NEW YORK (Reuters) - Oil prices rose to a record near $143 a barrel on Friday as a drop in global equities markets sent fresh investors into commodities.
U.S. crude settled 57 cents higher at $140.21 a barrel, as profit taking sent prices from the record $142.99 hit earlier. London Brent crude settled up 48 cents at $140.31 a barrel.
Global stocks slumped to three-month lows on concerns about the outlook for corporate profits and inflation, putting the Dow Jones industrial average on the verge of entering a bear market for the first time since 2001.

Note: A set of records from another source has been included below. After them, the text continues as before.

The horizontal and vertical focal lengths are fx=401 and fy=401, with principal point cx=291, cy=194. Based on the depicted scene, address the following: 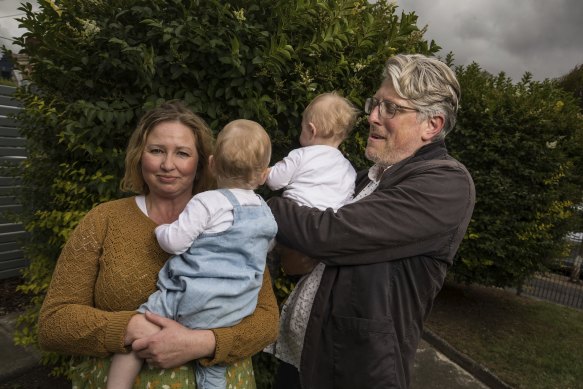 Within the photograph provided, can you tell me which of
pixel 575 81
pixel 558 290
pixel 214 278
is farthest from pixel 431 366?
pixel 575 81

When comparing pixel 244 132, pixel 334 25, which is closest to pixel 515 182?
pixel 334 25

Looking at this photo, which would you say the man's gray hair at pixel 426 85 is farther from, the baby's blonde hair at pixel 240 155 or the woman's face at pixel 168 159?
the woman's face at pixel 168 159

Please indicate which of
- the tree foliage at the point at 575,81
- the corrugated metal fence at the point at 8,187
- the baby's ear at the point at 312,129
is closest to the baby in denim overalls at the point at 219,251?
the baby's ear at the point at 312,129

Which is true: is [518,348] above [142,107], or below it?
below

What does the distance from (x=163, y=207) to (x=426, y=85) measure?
51.9 inches

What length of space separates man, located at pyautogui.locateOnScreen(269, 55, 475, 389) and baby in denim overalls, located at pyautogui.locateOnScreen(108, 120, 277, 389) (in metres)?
0.19

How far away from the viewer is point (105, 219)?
1696 millimetres

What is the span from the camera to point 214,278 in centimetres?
156

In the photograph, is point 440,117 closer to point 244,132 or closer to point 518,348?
point 244,132

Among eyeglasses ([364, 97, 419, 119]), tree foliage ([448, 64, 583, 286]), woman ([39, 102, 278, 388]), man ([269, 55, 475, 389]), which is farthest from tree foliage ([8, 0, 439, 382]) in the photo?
tree foliage ([448, 64, 583, 286])

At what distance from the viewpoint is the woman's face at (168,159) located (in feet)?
5.76

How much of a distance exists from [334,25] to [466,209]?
52.8 inches

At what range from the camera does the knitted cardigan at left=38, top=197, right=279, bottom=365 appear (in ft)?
5.03

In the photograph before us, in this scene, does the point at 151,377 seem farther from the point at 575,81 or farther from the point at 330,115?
the point at 575,81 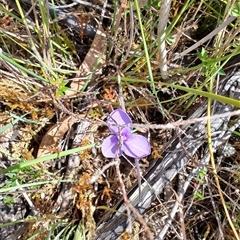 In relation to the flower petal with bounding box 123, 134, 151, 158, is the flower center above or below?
above

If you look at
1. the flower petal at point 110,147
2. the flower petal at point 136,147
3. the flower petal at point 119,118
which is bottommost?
the flower petal at point 136,147

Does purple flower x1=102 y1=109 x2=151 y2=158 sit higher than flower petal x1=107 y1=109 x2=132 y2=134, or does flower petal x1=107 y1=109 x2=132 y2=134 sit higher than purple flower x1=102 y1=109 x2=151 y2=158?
flower petal x1=107 y1=109 x2=132 y2=134

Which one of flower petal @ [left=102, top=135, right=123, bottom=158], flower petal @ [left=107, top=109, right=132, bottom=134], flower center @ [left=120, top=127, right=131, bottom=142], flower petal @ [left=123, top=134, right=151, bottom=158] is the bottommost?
flower petal @ [left=123, top=134, right=151, bottom=158]

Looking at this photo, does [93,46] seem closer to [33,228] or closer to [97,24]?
[97,24]

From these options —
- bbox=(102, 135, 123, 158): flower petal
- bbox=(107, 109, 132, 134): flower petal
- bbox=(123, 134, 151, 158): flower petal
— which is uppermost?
bbox=(107, 109, 132, 134): flower petal

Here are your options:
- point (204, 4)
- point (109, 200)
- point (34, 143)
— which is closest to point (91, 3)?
point (204, 4) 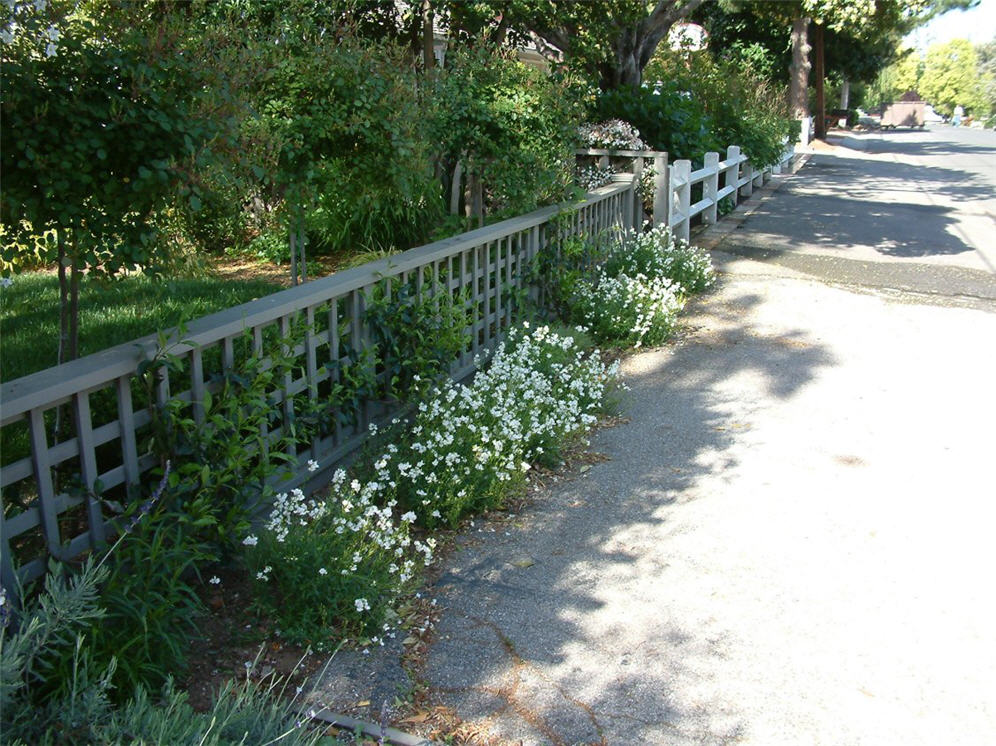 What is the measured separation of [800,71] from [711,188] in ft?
76.3

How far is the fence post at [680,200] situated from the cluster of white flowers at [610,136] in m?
0.48

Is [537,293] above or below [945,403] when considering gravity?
above

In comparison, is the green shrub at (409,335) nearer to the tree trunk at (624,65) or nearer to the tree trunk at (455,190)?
the tree trunk at (455,190)

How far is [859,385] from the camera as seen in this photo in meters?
6.78

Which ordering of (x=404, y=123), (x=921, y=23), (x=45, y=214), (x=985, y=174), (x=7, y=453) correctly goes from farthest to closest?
(x=921, y=23) < (x=985, y=174) < (x=404, y=123) < (x=7, y=453) < (x=45, y=214)

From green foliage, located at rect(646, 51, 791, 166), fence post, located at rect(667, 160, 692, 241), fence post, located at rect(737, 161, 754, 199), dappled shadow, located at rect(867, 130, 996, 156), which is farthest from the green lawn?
dappled shadow, located at rect(867, 130, 996, 156)

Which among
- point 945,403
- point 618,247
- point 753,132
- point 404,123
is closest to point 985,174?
point 753,132

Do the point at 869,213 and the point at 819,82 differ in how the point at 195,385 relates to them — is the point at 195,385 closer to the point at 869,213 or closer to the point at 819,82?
the point at 869,213

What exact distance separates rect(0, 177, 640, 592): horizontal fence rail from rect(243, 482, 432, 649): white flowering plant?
14.1 inches

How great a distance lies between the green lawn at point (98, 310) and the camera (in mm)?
6137

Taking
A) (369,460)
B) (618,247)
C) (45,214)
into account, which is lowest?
(369,460)

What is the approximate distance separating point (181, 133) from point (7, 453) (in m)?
1.95

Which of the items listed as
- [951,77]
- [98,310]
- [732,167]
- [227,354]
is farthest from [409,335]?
[951,77]

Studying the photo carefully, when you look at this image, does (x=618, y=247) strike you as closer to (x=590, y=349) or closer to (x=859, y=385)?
(x=590, y=349) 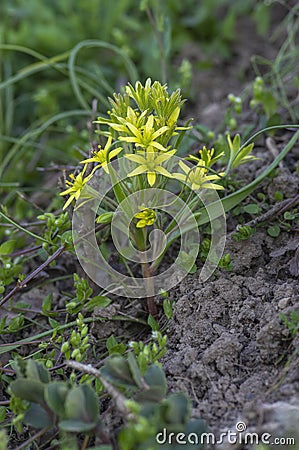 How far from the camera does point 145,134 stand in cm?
147

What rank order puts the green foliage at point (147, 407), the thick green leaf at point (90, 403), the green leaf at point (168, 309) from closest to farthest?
the green foliage at point (147, 407) → the thick green leaf at point (90, 403) → the green leaf at point (168, 309)

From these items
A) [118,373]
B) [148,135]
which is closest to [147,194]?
[148,135]

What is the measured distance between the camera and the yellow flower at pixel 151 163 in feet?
4.85

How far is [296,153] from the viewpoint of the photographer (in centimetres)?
217

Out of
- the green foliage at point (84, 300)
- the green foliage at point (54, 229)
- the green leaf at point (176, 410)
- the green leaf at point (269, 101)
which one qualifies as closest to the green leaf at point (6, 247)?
the green foliage at point (54, 229)

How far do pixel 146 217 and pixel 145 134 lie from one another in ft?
0.74

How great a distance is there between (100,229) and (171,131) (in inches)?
17.8

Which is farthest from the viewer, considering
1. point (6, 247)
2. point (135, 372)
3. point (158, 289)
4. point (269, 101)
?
point (269, 101)

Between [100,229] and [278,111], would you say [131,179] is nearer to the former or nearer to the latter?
[100,229]

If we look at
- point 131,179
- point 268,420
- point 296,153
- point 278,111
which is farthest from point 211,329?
point 278,111

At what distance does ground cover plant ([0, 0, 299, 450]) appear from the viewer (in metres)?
1.33

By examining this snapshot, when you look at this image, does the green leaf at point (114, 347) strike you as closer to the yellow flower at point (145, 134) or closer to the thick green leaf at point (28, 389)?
the thick green leaf at point (28, 389)

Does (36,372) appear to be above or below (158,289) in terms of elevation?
below

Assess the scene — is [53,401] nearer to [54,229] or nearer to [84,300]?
[84,300] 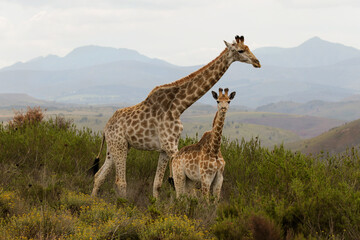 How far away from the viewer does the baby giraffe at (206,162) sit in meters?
7.71

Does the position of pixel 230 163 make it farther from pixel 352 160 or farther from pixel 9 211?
pixel 9 211

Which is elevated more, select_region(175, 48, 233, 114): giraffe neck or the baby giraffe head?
select_region(175, 48, 233, 114): giraffe neck

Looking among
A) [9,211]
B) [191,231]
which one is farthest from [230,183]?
[9,211]

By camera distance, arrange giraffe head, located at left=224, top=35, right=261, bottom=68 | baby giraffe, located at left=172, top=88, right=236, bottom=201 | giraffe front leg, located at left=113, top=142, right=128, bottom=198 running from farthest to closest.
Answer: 1. giraffe front leg, located at left=113, top=142, right=128, bottom=198
2. giraffe head, located at left=224, top=35, right=261, bottom=68
3. baby giraffe, located at left=172, top=88, right=236, bottom=201

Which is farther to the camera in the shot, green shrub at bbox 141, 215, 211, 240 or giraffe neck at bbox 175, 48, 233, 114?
giraffe neck at bbox 175, 48, 233, 114

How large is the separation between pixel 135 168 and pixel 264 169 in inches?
165

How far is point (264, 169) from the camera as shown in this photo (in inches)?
334

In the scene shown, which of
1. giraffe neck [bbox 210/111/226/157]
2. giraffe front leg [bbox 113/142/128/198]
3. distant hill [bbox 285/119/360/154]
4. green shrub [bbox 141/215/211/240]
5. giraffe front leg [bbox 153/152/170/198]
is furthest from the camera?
distant hill [bbox 285/119/360/154]

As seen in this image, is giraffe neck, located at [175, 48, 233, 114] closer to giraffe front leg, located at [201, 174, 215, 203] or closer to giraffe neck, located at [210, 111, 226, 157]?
giraffe neck, located at [210, 111, 226, 157]

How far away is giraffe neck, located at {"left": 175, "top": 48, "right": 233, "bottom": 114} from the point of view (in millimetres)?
8500

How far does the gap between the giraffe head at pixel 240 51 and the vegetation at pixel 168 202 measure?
2055mm

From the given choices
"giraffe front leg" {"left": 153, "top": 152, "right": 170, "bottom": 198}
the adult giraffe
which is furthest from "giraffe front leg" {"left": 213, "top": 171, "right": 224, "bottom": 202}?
"giraffe front leg" {"left": 153, "top": 152, "right": 170, "bottom": 198}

“The renewed attraction of commodities as an investment vehicle is contrasting with the unattractiveness of the stock market,” analysts Ritterbusch and Associates said in a research note. “As additional traders abandon the stock market, the appeal of commodities as a trading vehicle is enhanced.”

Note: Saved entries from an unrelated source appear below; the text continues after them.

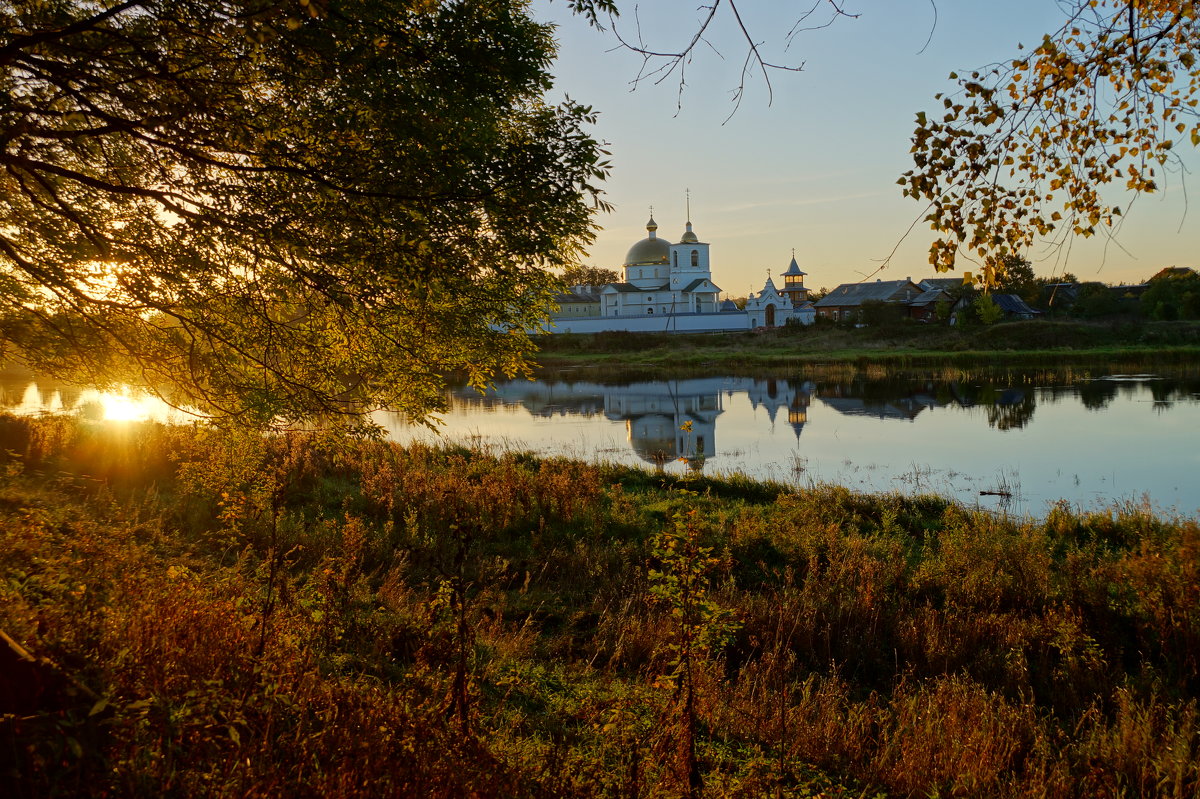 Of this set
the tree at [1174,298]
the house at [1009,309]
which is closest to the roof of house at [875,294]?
the house at [1009,309]

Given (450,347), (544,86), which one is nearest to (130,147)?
(450,347)

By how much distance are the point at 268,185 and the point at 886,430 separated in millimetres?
22512

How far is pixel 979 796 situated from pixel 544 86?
23.6 ft

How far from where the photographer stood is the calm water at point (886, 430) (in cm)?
1661

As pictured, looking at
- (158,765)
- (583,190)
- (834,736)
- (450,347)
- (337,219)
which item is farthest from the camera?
(450,347)

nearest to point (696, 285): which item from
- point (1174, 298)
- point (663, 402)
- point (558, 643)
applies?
point (1174, 298)

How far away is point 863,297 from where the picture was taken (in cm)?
7981

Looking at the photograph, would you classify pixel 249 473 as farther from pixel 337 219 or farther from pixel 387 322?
pixel 337 219

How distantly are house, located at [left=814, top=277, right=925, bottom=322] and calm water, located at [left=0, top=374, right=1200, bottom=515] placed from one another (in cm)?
3802

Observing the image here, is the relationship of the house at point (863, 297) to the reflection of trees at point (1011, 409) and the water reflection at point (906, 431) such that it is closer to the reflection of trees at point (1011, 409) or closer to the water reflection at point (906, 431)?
the water reflection at point (906, 431)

Oil prices have jumped more than 45 percent this year, extending a six-year rally, as supply struggles to keep pace with rising demand from emerging economies, such as China and India.

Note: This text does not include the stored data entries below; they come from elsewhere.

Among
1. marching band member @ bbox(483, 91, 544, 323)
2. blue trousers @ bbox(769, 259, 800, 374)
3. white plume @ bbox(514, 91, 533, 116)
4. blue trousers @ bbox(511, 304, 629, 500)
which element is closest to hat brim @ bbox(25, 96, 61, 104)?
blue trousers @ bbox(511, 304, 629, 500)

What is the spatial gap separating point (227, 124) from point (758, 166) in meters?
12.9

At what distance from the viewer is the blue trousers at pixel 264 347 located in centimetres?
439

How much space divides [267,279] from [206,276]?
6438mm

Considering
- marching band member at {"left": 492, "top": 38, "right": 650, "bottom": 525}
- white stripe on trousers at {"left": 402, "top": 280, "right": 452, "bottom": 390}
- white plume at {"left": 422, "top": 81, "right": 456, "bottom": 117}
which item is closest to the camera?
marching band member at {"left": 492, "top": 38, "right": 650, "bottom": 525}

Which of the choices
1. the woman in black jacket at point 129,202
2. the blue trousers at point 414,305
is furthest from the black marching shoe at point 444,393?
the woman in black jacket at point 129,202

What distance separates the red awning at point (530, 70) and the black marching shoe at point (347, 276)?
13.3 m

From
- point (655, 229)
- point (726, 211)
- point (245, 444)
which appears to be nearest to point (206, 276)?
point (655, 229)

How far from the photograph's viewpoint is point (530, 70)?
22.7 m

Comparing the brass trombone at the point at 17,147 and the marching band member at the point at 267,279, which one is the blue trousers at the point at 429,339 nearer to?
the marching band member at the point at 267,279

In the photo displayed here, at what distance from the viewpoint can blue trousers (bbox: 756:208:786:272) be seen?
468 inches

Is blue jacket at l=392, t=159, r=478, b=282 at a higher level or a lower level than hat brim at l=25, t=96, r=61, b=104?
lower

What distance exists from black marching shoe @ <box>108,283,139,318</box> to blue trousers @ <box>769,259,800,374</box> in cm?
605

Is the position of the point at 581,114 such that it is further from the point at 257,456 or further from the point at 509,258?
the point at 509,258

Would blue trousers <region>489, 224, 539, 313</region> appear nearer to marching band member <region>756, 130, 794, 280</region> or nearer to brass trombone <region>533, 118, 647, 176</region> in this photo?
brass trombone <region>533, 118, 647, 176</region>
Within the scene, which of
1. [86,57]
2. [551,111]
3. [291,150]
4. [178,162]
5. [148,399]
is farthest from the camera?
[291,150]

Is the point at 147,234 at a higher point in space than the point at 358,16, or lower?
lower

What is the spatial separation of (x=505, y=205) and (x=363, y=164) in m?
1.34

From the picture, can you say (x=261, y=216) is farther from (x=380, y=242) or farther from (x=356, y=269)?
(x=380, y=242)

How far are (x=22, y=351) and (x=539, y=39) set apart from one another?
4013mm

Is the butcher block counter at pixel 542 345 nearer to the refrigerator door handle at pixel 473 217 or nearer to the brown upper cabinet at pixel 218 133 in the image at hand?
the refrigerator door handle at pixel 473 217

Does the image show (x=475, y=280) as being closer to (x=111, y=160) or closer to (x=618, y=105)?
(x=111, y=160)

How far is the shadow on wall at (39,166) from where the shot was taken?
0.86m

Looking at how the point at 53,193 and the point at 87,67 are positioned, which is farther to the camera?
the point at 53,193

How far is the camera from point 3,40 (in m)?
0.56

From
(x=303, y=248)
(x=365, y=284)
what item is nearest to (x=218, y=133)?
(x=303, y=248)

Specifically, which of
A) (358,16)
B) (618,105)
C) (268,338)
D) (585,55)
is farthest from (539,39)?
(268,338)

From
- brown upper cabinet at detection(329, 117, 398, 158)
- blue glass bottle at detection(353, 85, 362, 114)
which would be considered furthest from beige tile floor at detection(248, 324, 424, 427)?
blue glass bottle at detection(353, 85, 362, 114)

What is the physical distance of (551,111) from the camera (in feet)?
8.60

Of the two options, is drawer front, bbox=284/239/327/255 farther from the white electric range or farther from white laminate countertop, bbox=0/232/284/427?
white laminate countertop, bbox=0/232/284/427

Additional support has come from a flood of cash from new investors buying up commodities to hedge against inflation and the weak U.S. dollar, which fell further on Friday.
Gold hit a one-month record high, while U.S. corn futures jumped to a fresh record.
Rising fuel costs have stirred protests around the globe, prompting some U.S. politicians to call for a reduction in the amount of speculation allowed in the oil market.
The U.S. House of Representatives on Thursday approved legislation that directs the Commodity Futures Trading Commission to use all its authority to curb speculation in energy futures markets.
Oil rose more than $5 on Thursday after Libya said it was studying possible options to cut output in response to potential U.S. actions against members of the Organization of Petroleum Exporting Countries.
Some experts insist supply and demand are behind oil’s record rise, while others, including OPEC, say rising flows of speculative cash are behind this year’s gains.
“We believe the factors driving oil prices higher are fundamental and not speculative,” Deutsche Bank said in a research note. “Oil needs to rise to $150 a barrel for oil as a share of global GDP to reach the levels that occurred in the early 1980s.”
“At that point, we will start to see more signs of demand destruction and an eventual tipping point in oil markets.”
An oil price poll by Reuters showed analysts’ expectations that oil will rise for the foreseeable future.
The poll showed U.S. crude in 2008 would average $113.24 a barrel, up by about $6 from the last poll in May.